**What is needed:**
Your job is to set down the stretch of entries that opens with the line containing "thumbnail image 1" and closes with the line containing "2012 Jeep Wrangler". Keep both end lines, copy each exactly, and add nothing.
### Input for this task
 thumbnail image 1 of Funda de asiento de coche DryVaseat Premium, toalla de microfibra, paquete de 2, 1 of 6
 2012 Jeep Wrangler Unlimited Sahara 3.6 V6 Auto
######
### Input for this task
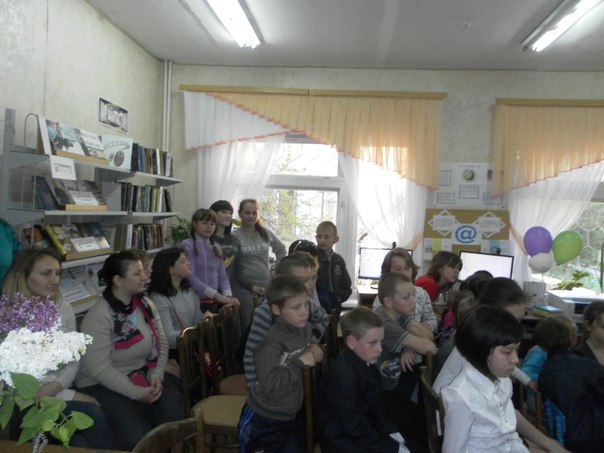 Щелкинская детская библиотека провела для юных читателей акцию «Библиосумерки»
######
### Input for this task
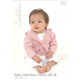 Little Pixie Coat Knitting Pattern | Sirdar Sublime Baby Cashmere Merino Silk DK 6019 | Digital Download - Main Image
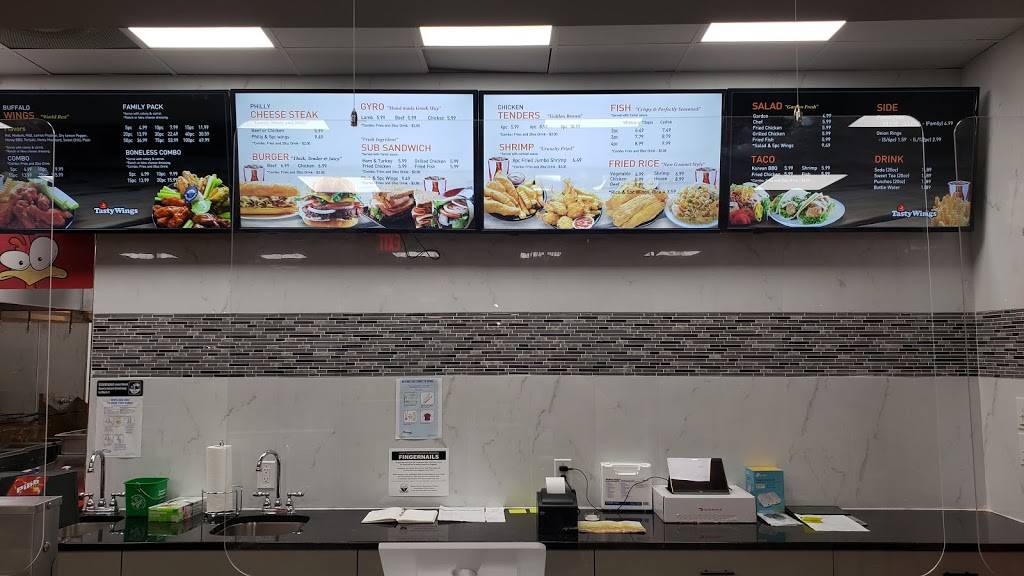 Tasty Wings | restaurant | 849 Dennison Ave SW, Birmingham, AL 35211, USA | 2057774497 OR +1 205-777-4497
######
**Finished task:**
 thumbnail image 1 of Funda de asiento de coche DryVaseat Premium, toalla de microfibra, paquete de 2, 1 of 6
 2012 Jeep Wrangler Unlimited Sahara 3.6 V6 Auto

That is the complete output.